Les syndicats proposent d’autres solutions

Martine Letarte Collaboration spéciale
La présidente de la CSQ, Louise Chabot
Photo: Jacques Nadeau Le Devoir La présidente de la CSQ, Louise Chabot

Ce texte fait partie du cahier spécial Santé 2014 - L'incertitude

Des coupes en soins de santé et services sociaux ont été annoncées dans le dernier budget, d’autres sont à prévoir. Gaétan Barrette, ministre de la Santé et des Services sociaux, a aussi déposé à la fin du mois le projet de loi 10 pour procéder à une grande réforme administrative. L’objectif est de supprimer des postes de cadre pour se concentrer sur les services aux patients. Les syndicats ne partagent pas la vision du ministre et proposent d’autres solutions pour économiser.

Coupes de plus de 15 millions dans le budget du Centre hospitalier universitaire (CHU) de Québec. Compressions de 12 millions au Centre de santé et de services sociaux (CSSS) de Laval. Réductions budgétaires de 20 millions dans les centres jeunesse, alors que le nombre de signalements à la Direction de la protection de la jeunesse a bondi de 17 % depuis 2010. Abolition de 60 postes d’infirmière, pour un total de 100 000 heures de soins par année au CSSS de Chicoutimi.

Voilà quelques exemples de coupe, conséquences du dernier budget provincial, répertoriés dans le système de santé et de services sociaux par Jean Lacharité, deuxième vice-président de la Confédération des syndicats nationaux (CSN).

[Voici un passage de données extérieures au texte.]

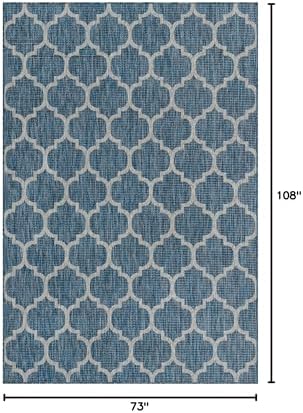 Unique Loom Outdoor Trellis Collection Area Rug (6' 1" x 9' Rectangle, Navy Blue/ Ivory) - Image 2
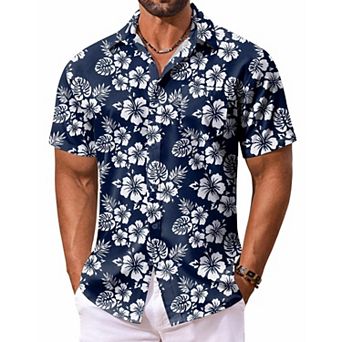 COOFANDY Men's Summer Shirt Short Sleeve Hawaiian Button Down Shirts Casual Beach Shirts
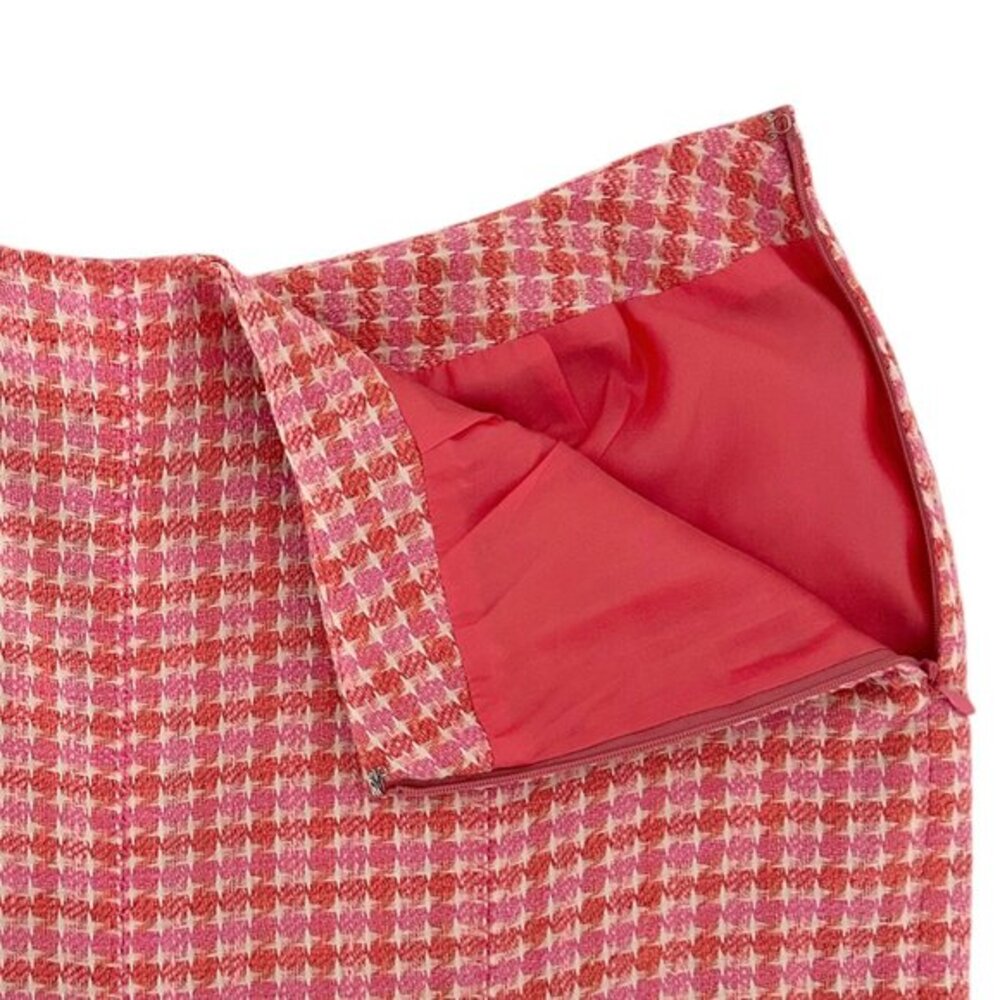 Ann Taylor Linen Blend Pink Orange Tweed Flared‎ Skirt NWT (8) - Picture 10 of 16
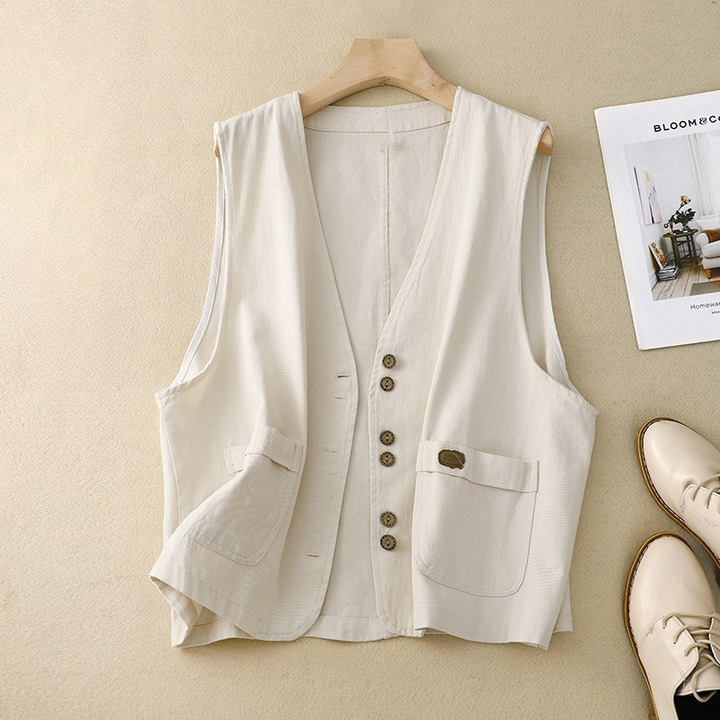 Women's Relaxed Button Front Vest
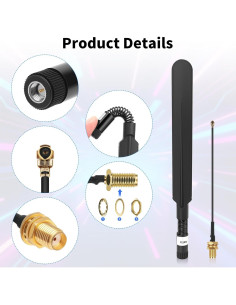 Antena LoRa Meshtastic 915MHz 10dBi 20cm SMA Macho Negra 2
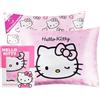 Hello Kitty Federa Raso Cuscino Capelli Benefici per la Pelle di Ragazze Adolescenti Donna 48x66cm Kawaii Decori Camera da Letto, Idee Regalo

On y ajoutera celles qui résulteront des conclusions de la Commission de la révision permanente des programmes et celles de la réforme administrative du projet de loi 10, qui prévoit l’abolition des Agences de la santé et des services sociaux, pour un total de 1300 postes de cadre.

« Nous sommes dans une opération qui vise à atteindre l’objectif de l’équilibre budgétaire pour 2015-2016, affirme Jean Lacharité. Nous sommes dans une politique d’austérité. Nous ne voyons pas de vision pour réorganiser le système de santé et des services sociaux afin d’assurer la pérennité des services publics. »

Régine Laurent, présidente de la Fédération interprofessionnelle de la santé du Québec (FIQ), est du même avis.

 

« On comprend que le ministre veuille respecter ses engagements électoraux, mais rien dans ces coupes annoncées ne permet d’offrir un meilleur accès aux soins et de répondre davantage aux besoins de la population, affirme-t-elle. Ce qui nous inquiète aussi, c’est qu’on sait qu’il y aura d’autres coupes, mais on ne sait pas où. Nous n’arrivons pas à nous faire une vision globale. »

Infrastructures et médicaments

 

Pour réduire significativement les coûts en santé et services sociaux, Jean Lacharité croit que le gouvernement devrait s’attaquer aux partenariats public-privé (PPP).

« Les dépassements de coûts faramineux de la construction du CUSM et du CHUM sont tout à fait scandaleux, dénonce-t-il. En France, l’État a repris les clés d’un PPP parce qu’il allait vers une catastrophe financière. Ici, le gouvernement continue d’aller de l’avant comme si de rien n’était. »

Récemment, la Centrale des syndicats du Québec (CSQ) a publié les taux de croissance des dépenses en santé entre 2003 et 2013, d’après les données de l’Institut canadien d’information en santé. Au sommet de la liste, on retrouve les immobilisations, avec une augmentation de 230 %. Ensuite viennent la rémunération des médecins (103 %) et les médicaments (73 %).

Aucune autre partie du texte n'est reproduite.